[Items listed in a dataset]
━━━━━━━━━━━━━━━━━━━━
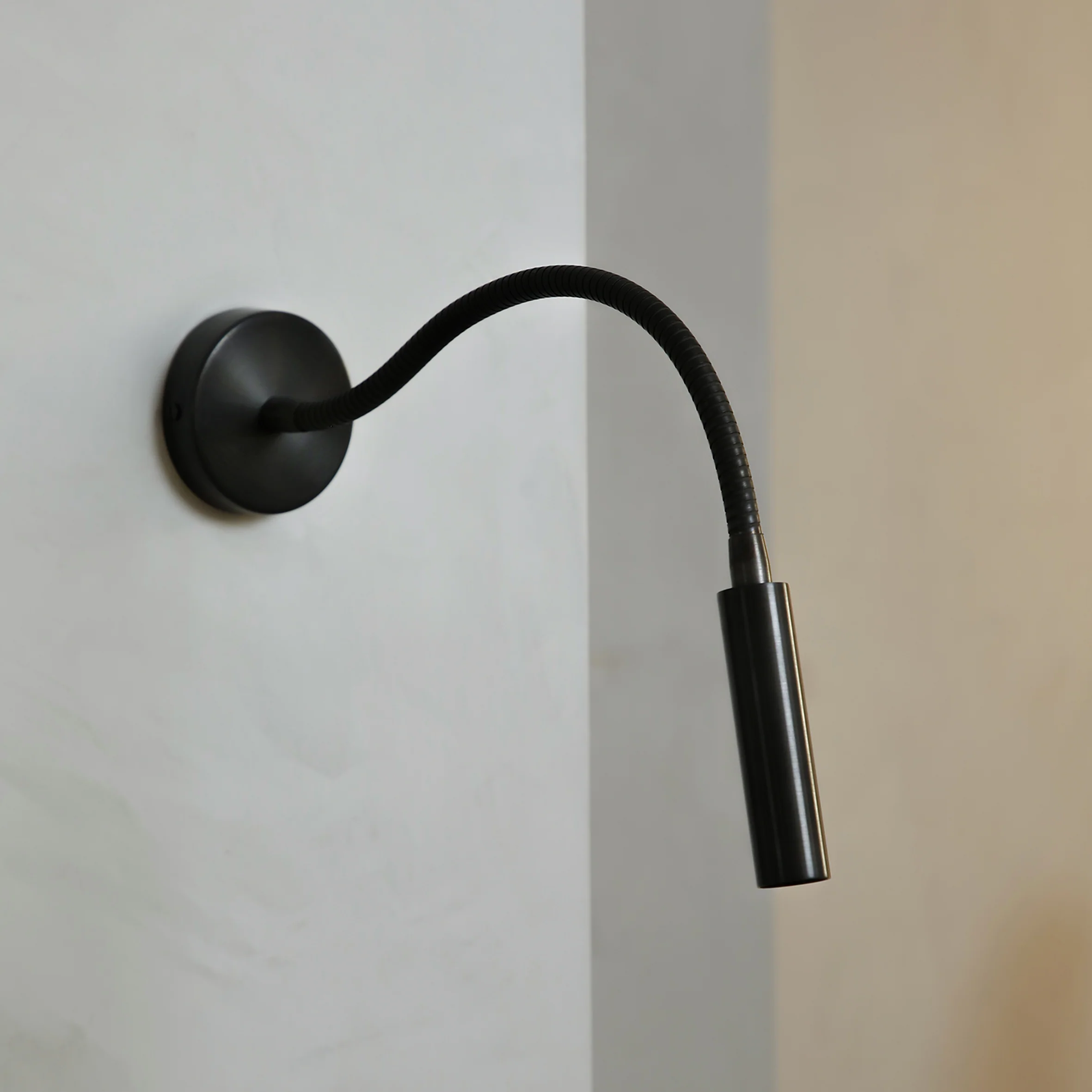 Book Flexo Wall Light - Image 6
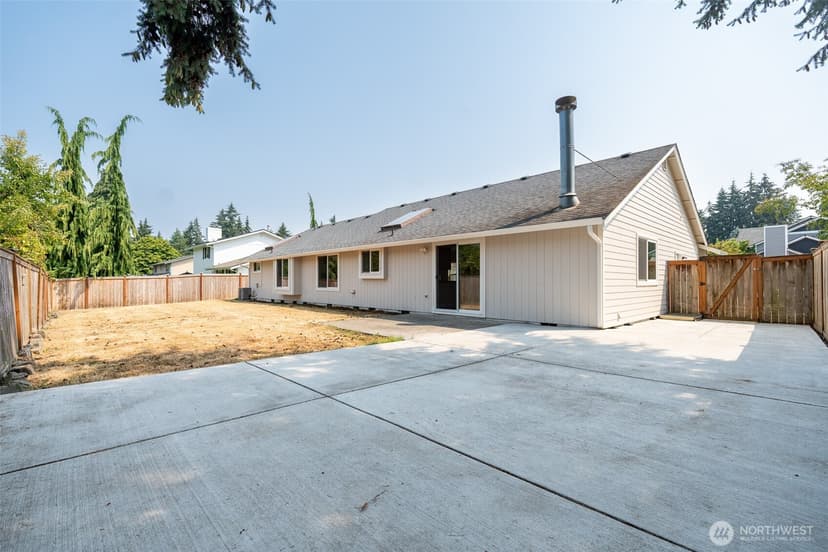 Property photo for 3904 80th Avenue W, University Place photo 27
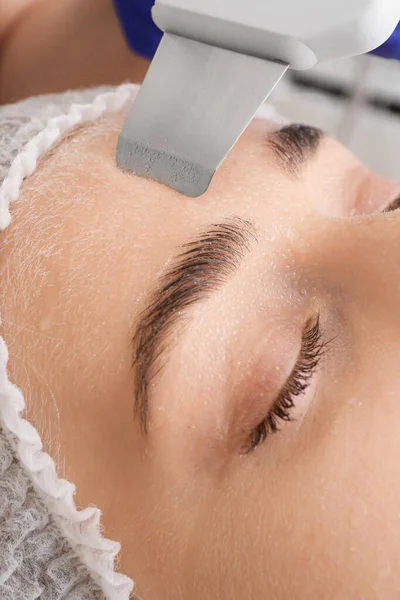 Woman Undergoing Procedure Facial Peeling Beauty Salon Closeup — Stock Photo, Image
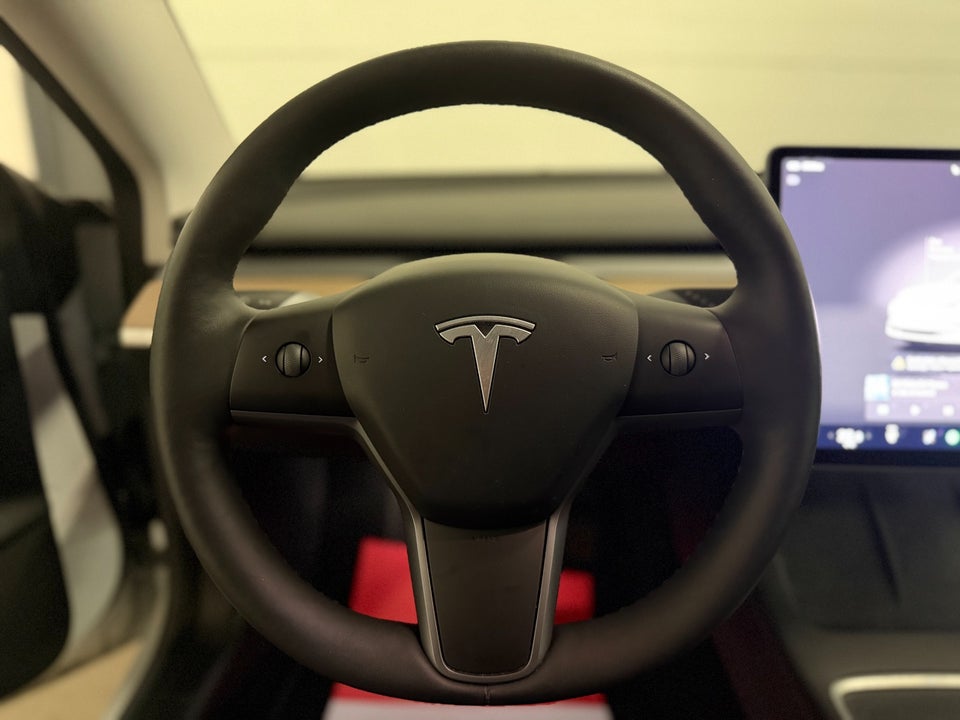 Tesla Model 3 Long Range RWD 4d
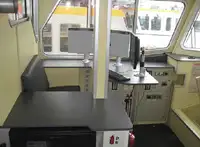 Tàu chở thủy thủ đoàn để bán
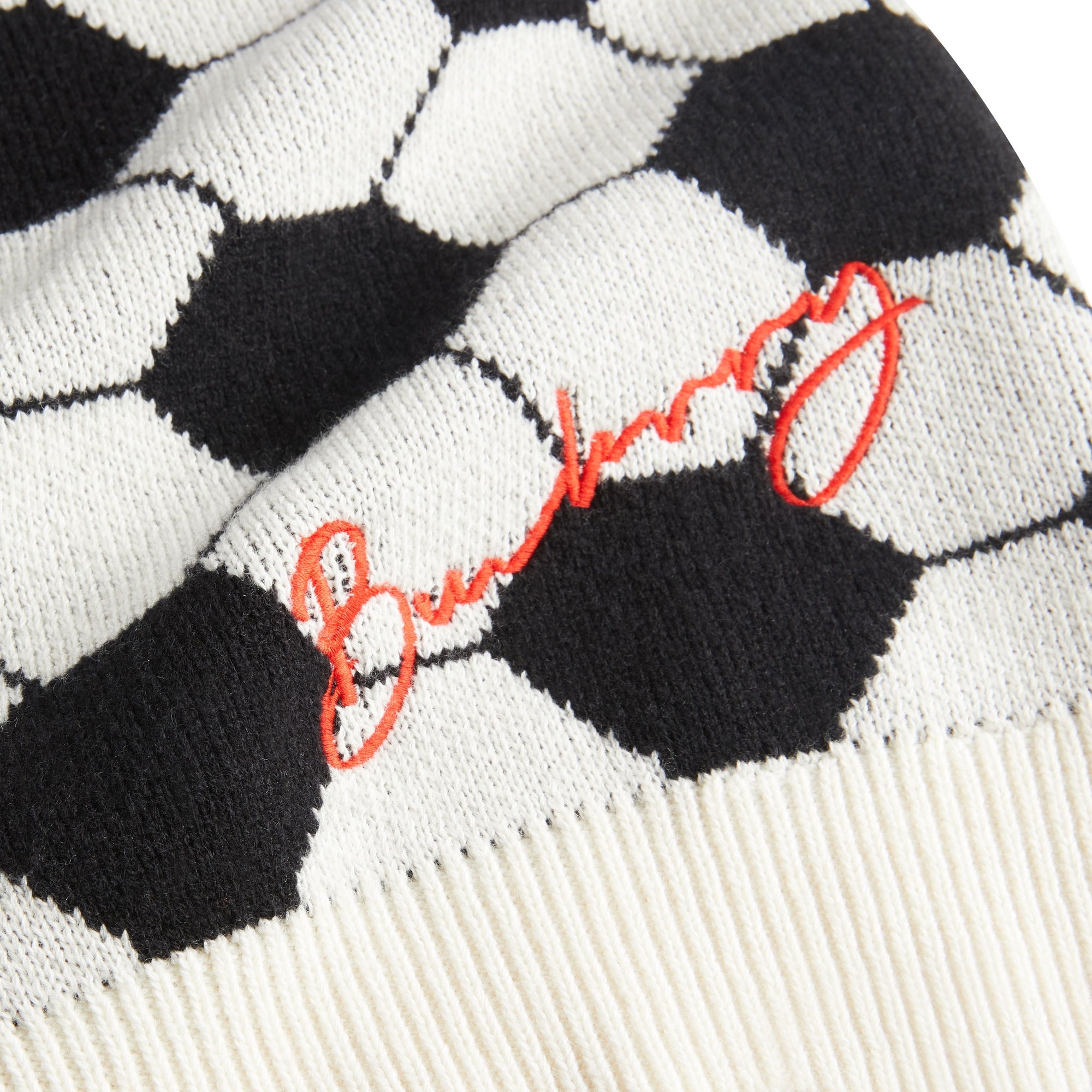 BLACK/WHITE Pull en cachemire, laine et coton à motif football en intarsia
━━━━━━━━━━━━━━━━━━━━
▶ **Activity**
Your copy should be the entries retyped exactly, with no images in it.

▶ **Answer for this exercise**
 Book Flexo Wall Light - Image 6
 Property photo for 3904 80th Avenue W, University Place photo 27
 Woman Undergoing Procedure Facial Peeling Beauty Salon Closeup — Stock Photo, Image
 Tesla Model 3 Long Range RWD 4d
 Tàu chở thủy thủ đoàn để bán
 BLACK/WHITE Pull en cachemire, laine et coton à motif football en intarsia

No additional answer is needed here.